Monday, March 14, 2016

Rough Times........

We all have them.
We fight our way the best we can and then sometimes we burnout and have to take rest ,food, and contemplate why a life can get so sad and overwhelming.
When I left you all in Sept.I certainly didnt plan on it.......a slow depression was taking over and it is just beginning to leave.
We have been in grief for 9 months now over my father in law.My wife was raised by people who adored each other and her sadness at her mothers loss far outshines her own.I have to try to get her to let go and keep letting it wash over her......it is endless but it becomes more poingant the longer they are gone.I miss my father so much these days and its been 20 years!
The job I was happy about has become a very rough go physically and emotionally.......not what my first blog about it implied.

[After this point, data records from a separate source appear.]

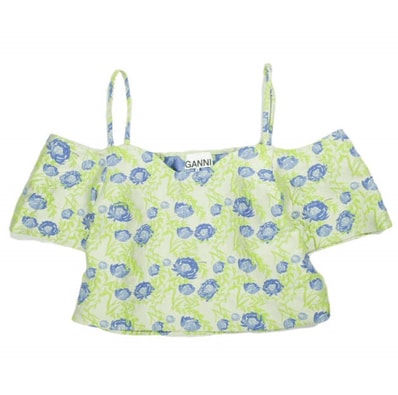 GANNI ガニー 3Dフラワージャガードオフショルダーブラウス 1577-343-1774 Free Green/Blue シャツ トップス g26060
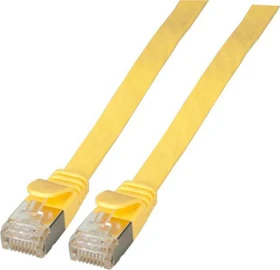 EFB Elektronik PVC Flach-Patchkabel, Cat6a, U/FTP, RJ-45/RJ-45, 0.5m, gelb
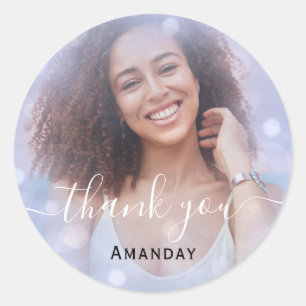 Thank Photo  Photo Bridal Sweet16 Graduate Blue Classic Round Sticker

It seems I am the person to come to for all stress related problems as the company I work for is loaded with upper management that truly dont know state laws,facts,or the incredible amount of work it takes to start a nursing floor.....the modified diets alone are a huge challenge.....and guess who knows all about it?
I am awaiting a 2 to 3 dollar raise (and a title,means nothing to me)if they cant do it Im on the looking for work side again........I cant keep up this saving people thing much longer without compensation so we will see......ya never know.

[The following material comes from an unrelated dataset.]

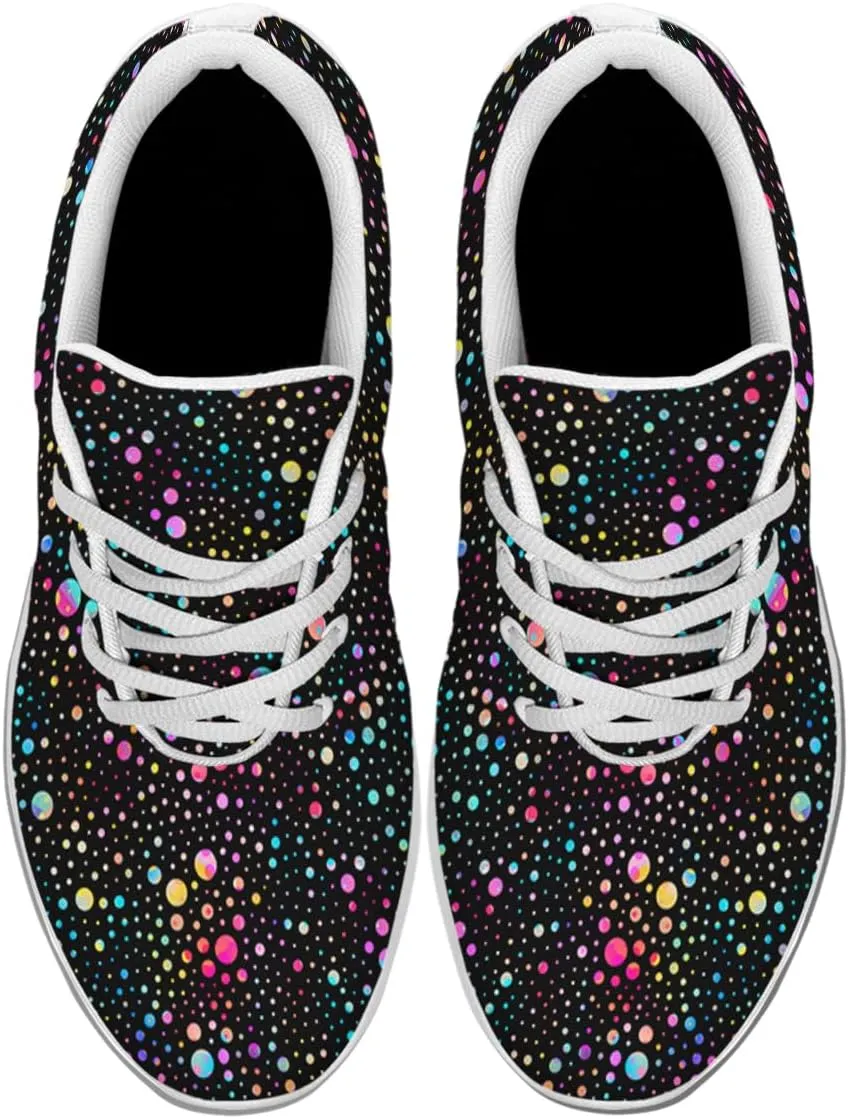 Women Men Colored Space Dots Shoes Personalited 3D Print Running Shoes Athletic Tennis Sneakers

On top of this is my mother who was sicker than she has ever been for the last 9 months has gotten well again.I really thought she was dying for sure and spent too many nights worried sick ,hands sweating etc.
My sister came and relieved me for a time and it was most helpful to just have her near me.Those of us who take on caregiving have some very lonely moments and she brought me love and support I so needed.
Then there is my wife who even though she is in total greif still makes time to support me and puts up with a very crabby ,mouthy husband(i have trouble shutting up on a rant!!(embarassing).
We are also being totally built upon in what used to a wooded glen and is now big ass ridiculous homes.I am so against power couples buying  and using precious resources so they can live like a star.
We wont get into that today.....everyone wants fame these days 40% of children when asked ....want to be stars.That creeps me out so much.
I am going to try to get here soon again..........I have so little energy left from hard work and then the depression has kept me away too.
But I see this as a coping tool as much as creation and will try much harder.
Till then....love people,care for them,tell them what you see in them and remember that no matter how much you have monetarily it pales in comparison to people you love and are loved back by in life.